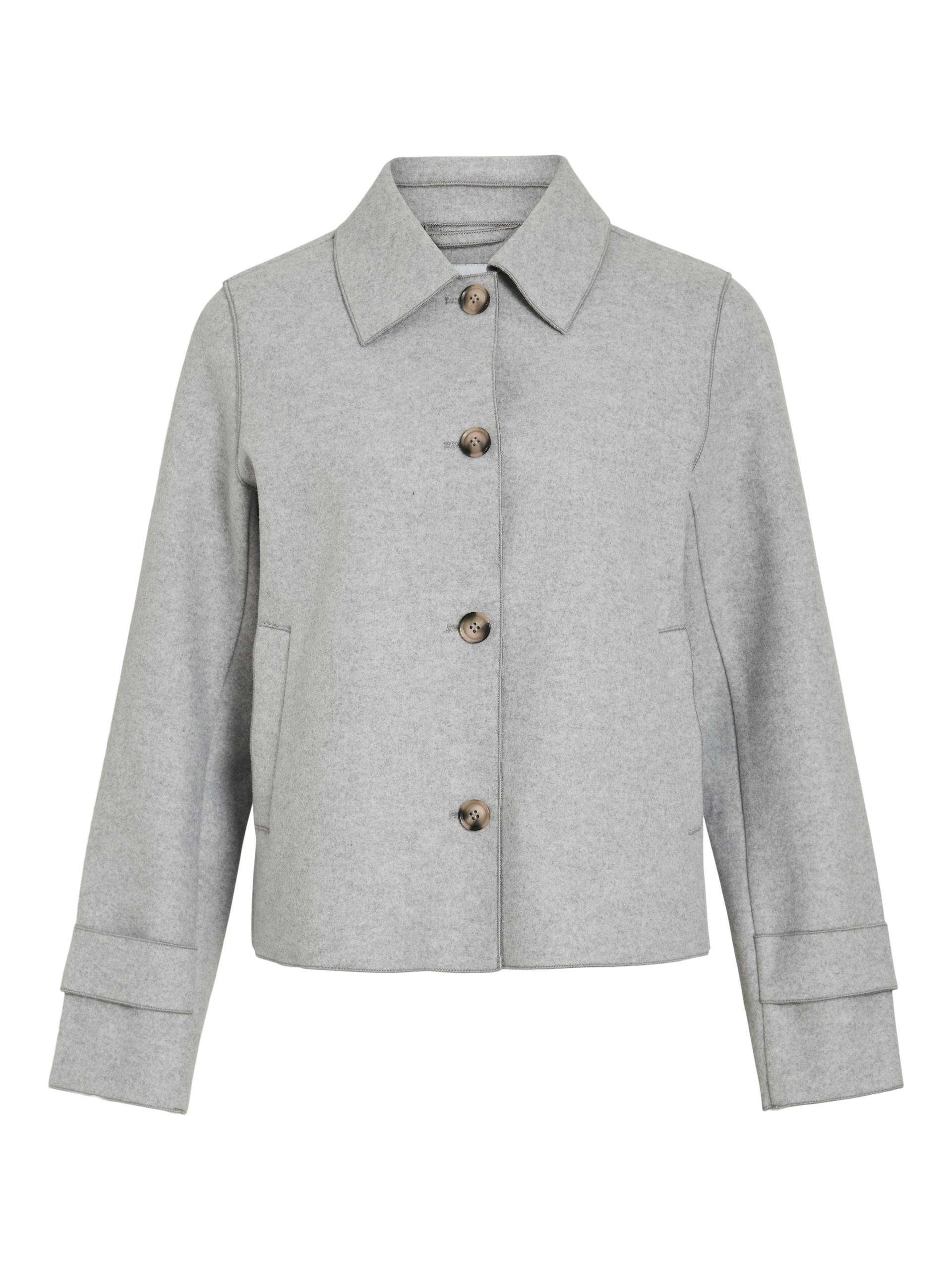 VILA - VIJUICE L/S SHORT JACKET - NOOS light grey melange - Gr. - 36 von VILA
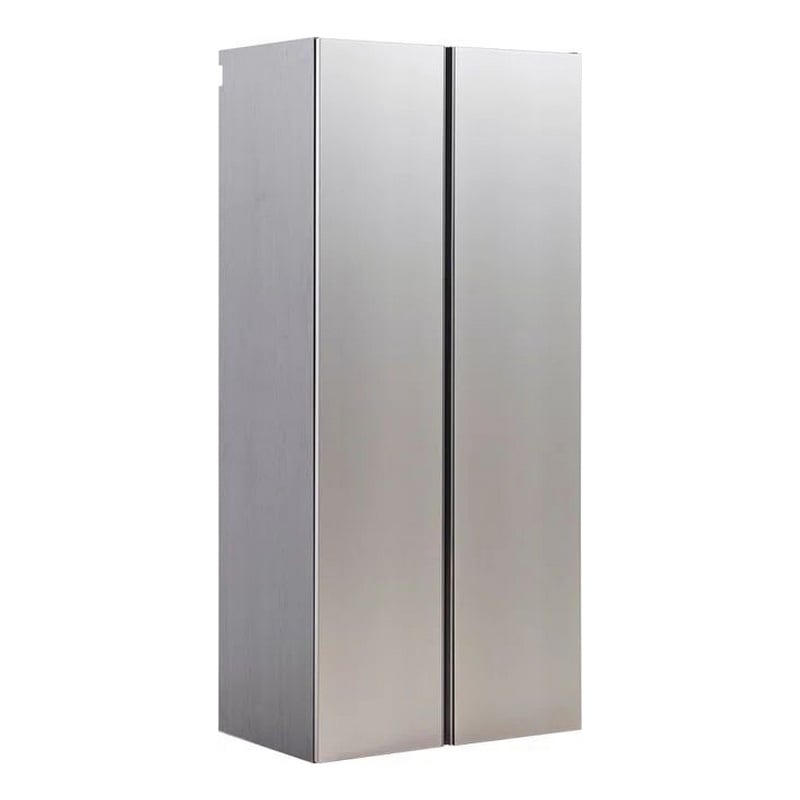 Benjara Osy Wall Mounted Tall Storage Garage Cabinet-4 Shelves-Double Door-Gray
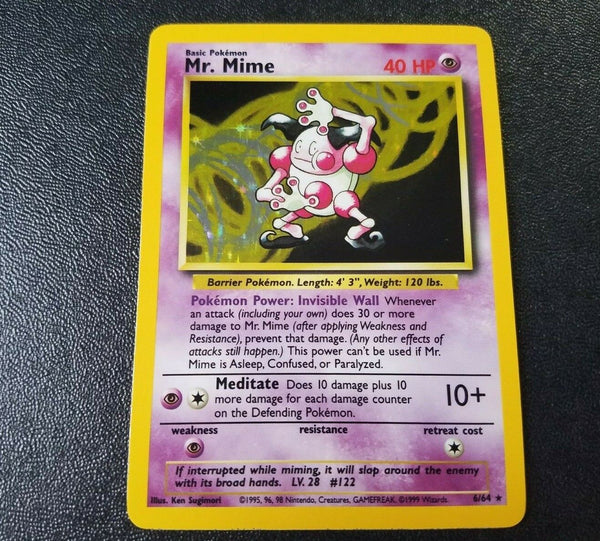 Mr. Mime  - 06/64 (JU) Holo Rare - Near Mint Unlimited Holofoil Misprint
————————
- _PROBLEM STATEMENT_: Set down the material above exactly. Skip any picture.

- _EXERCISE RESULT_:
 VILA - VIJUICE L/S SHORT JACKET - NOOS light grey melange - Gr. - 36 von VILA
 Benjara Osy Wall Mounted Tall Storage Garage Cabinet-4 Shelves-Double Door-Gray
 Mr. Mime  - 06/64 (JU) Holo Rare - Near Mint Unlimited Holofoil Misprint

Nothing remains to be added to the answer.